While the state of education is bleak, what’s even more concerning is the lasting social and emotional damage that AI and interrelated technologies and habits are having specifically on young people. AI is being used for everything from basic interaction to flat-out perversion. The increasing use of AI to communicate with friends, significant others, or anyone else leaves a void in the ability to learn from these experiences. South Park hit the nail on the head with its Deep Learning episode. It was current, but also in many ways predictive. People are building their relationships on lies and misunderstanding, at some points acting as nothing more than a go-between for an AI conversation. This isn’t living. Too often now there are stories about people who are attempting online dating, having amazing connections, and then having it all come apart when they meet in person. It’s frequently because one or both sides of that communication were using AI to develop a persona that doesn’t actually exist. When virtual reality and reality meet, they rarely come to agreeable terms.

But homework, text messages, and common dating are just the surface. AI has been implicated now in several cases of suicide, murder, and death, where children and other vulnerable populations leaned into AI hard and destroyed their perception of reality to the absolute bitter end. This isn’t a one-off thing. This is becoming commonplace. And that’s just the surface that we know about. How many countless traumas are unfolding all around us, invisible, because they exist in a space between the vulnerable and the uncaring agent with nobody around to hear the cries for help. How easy is it for predators to use these tools to develop new means of catching their prey? For victimizing people who barely understand the world that they are traveling in. Keeping vulnerable populations safe has always been a challenge, but it is significantly more so when trust is placed in unknown actors and AI agents more so than in reality because it’s the place that offers the most immediate, and targeted comfort and communion.

This extends even further into the depths of victimization. People, children, predominately female, victims for doing nothing more than having pictures of themselves online. It’s increasingly easy (and surely getting easier and more accessible by the month) for others to turn those images and videos from Instagram, Facebook, or any other source into convincing nude photos or porn videos. The generated media could be used for blackmail. It could be used to generate an emotional and social grip on a victim. Or it could just be put out into the world as chaos for the sake chaos. This isn’t a solitary event. This is an increasingly available form of dark and disturbing control. How often will this occur where the victim doesn’t say anything, feels like they have nowhere to turn, and ends up deeper into trouble? How much worse will these get with increasingly prevalent access to tools that can completely blindside and emotionally devastate their victims? The truth does not matter to the victim. It doesn’t matter to the abuser. The damage is done and the truth here is utterly irrelevant in the face of reality.

Living in a Post-Truth World

The joke stopped being funny a long time ago. The reality is that everybody is now part of the joke. Producing, proliferating, or falling victim to a new and sinister state of existence. The line between what’s comically absurd and what is plausible truth has been erased and those lines are never to be redrawn.
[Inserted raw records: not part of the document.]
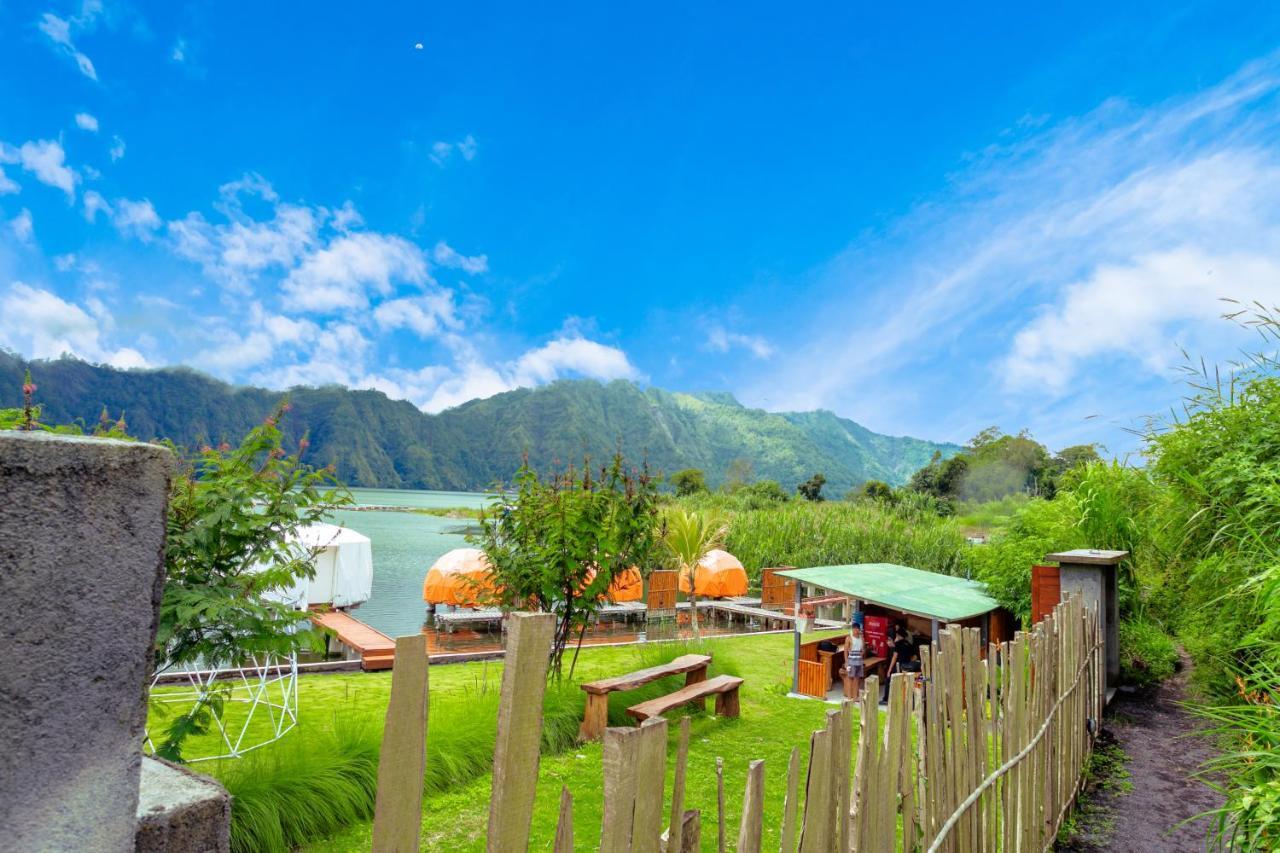 Jempana View Hotel Kintamani  Ngoại thất bức ảnh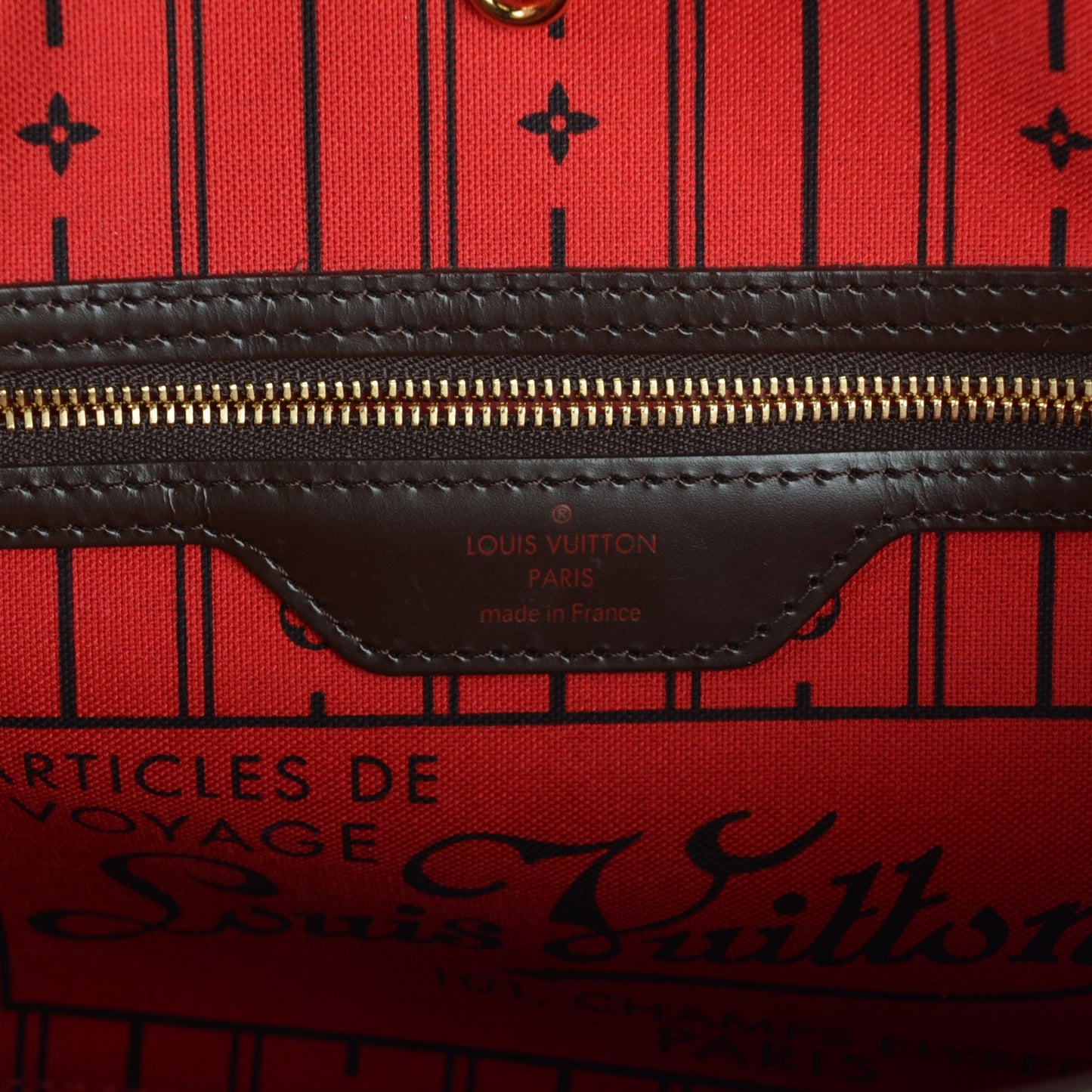 Damier Ebene Neverfull PM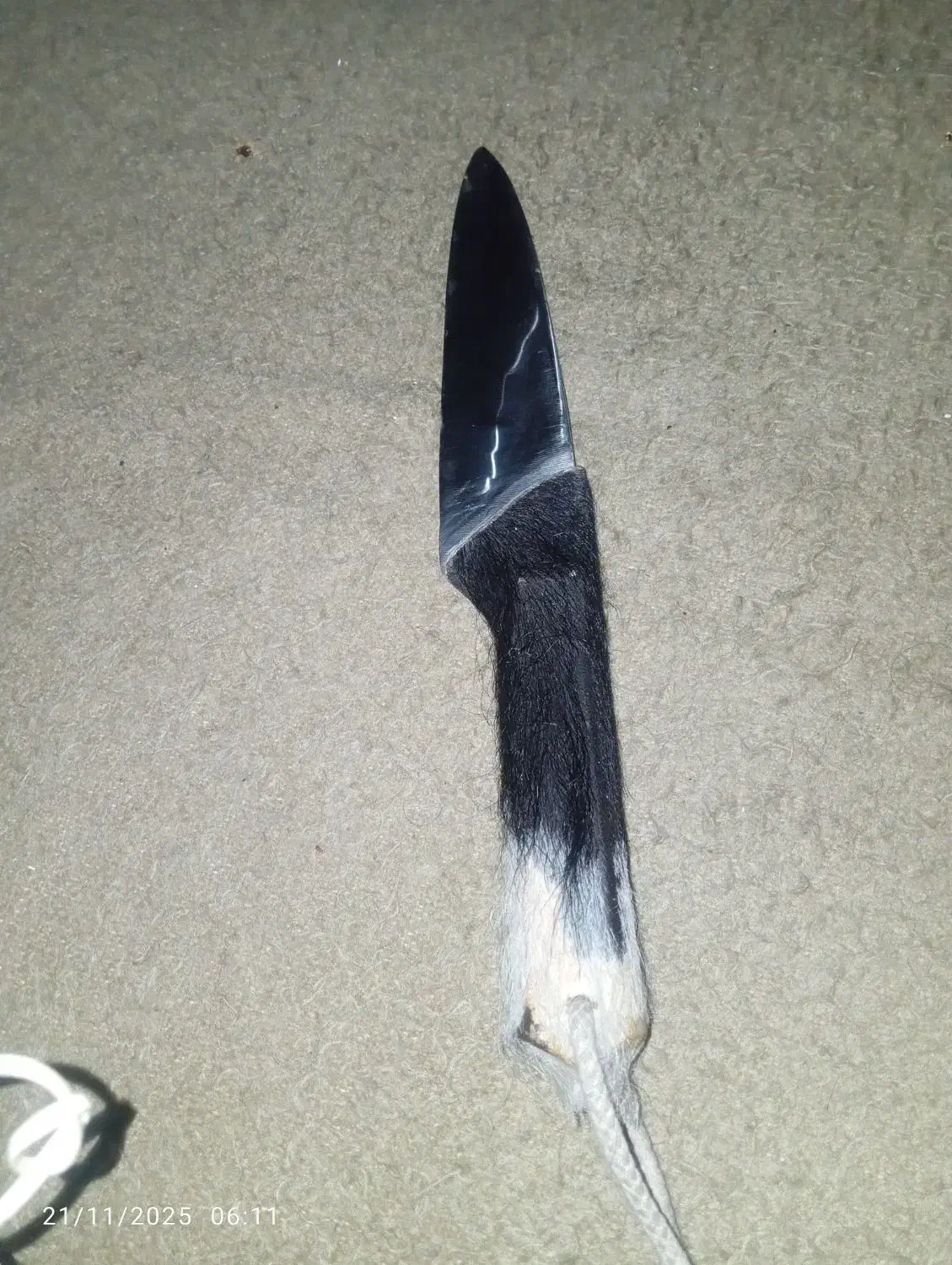 چاقو دست ساز|کوهنوردی و کمپینگ|شیراز, سلطان آباد|دیوار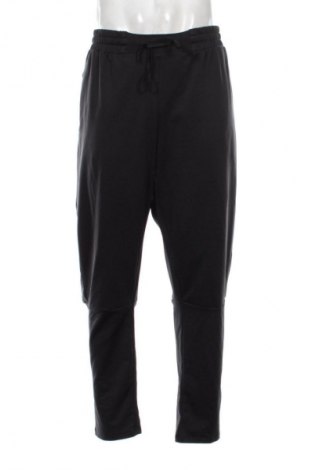 Pantaloni trening de bărbați Unbranded, Mărime XXL, Culoare Argintiu, Preț 70,99 Lei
We are at war. With our friends, our neighbors, ourselves, but more importantly with the technology and the people who create and facilitate it. We have got to be more critical of ourselves, of others, and of the tools and businesses we use. We’ve got to raise the bar across the board.

We have opened Pandora’s box, and there is no putting the demons back. The technology isn’t going away, and the ability to ‘regulate’ it isn’t going to keep up with the technology itself. The ability to do so would create a gross infraction of privacy and security, and much like any similar laws, be completely irrelevant to the bad actors who are going to pursue illicit means anyway.

We need to use our minds, hone our instincts, and teach empathy as well as strength. We can be passengers as generative AI and related technologies destroy truth and our society, or we can fight back with the brains we were born with.